Egemenliklerindeki halklara hoşgörülü davrandıklarından dolayı onların da desteklerini alan Türkler, Çin’e sürekli olarak seferler düzenlediler. Çin, Türkleri ve Moğollar gibi bölgedeki diğer boyları engellemek için görkemli Çin Seddine ilaveler inşa etti. Halbuki o dönemde dahi Çin nüfusu, Türkler ve diğer milletlerin toplamının belki de on-onbeş katı kadar fazla idi. Ancak Çin Seddine yapılan ilaveler bile, Türkleri engelleyemedi. M.Ö. 150 yıllarında Mete’nin torunu Kun-Sin (M.Ö.160-126) döneminde Türklerin, Çin’in o dönemdeki başkentleri olan Çang-an’a girmelerine engel olamadı.

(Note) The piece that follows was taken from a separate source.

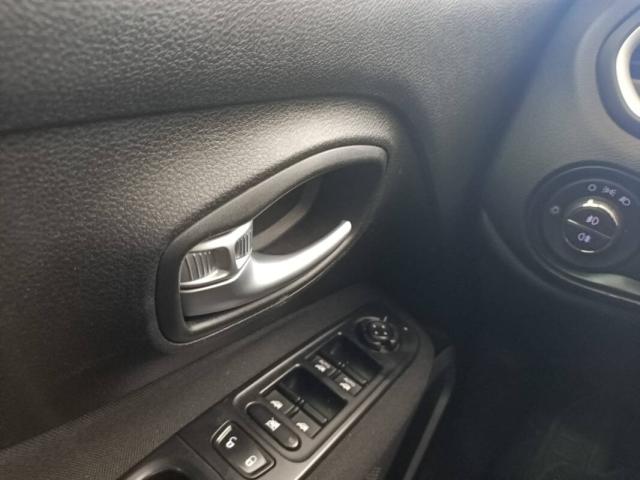 Jeep Renegade 1.6 mjt Business fwd 105cv - Immagine 20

Nüfuslarının çokluğuna ve yaptıkları harika Çin Seddine rağmen, çetin tabiat şartlarında yetişen çetin ceviz Türkleri yenemeyeceğini anlayan Çin, başka yollar aradı. Sonunda tarih boyunca uygulayacakları bir politika geliştirdiler. Bu politika; Türk yöneticiler arasında sürekli olarak kıskançlıklar yaratmaktı. İmparatorluk ailesi üyelerini birbirlerinin karşısına çıkarmaktı. İsyanları teşvik etmekti. Kısacası Türkler arasına ikilik sokmaya yönelikti. Türklerin savaşçılık yapılarının oluşmasında önemli etkisi olan ferdiyetçilik özellikleri, Çinlilerin bu politikalarında başarılı olmalarını sağladı. Aslında, Çin ve diğerlerinin böyle oyunlarına gelmek, Türkler için zafiyet belirtisi olarak görülebilir. Ancak bu zayıflık yalnız Türklerde görülmez. Dünyadaki bütün halklarda görülür. Türklerde ise bu zafiyet halktan ziyade, ileri gelenlerin bazılarında gözlenir. Bu nedenle etkisi kalıcı olmamıştır. Türkler tarihin her döneminde, kendilerini toparlamasını başarabilmişlerdir.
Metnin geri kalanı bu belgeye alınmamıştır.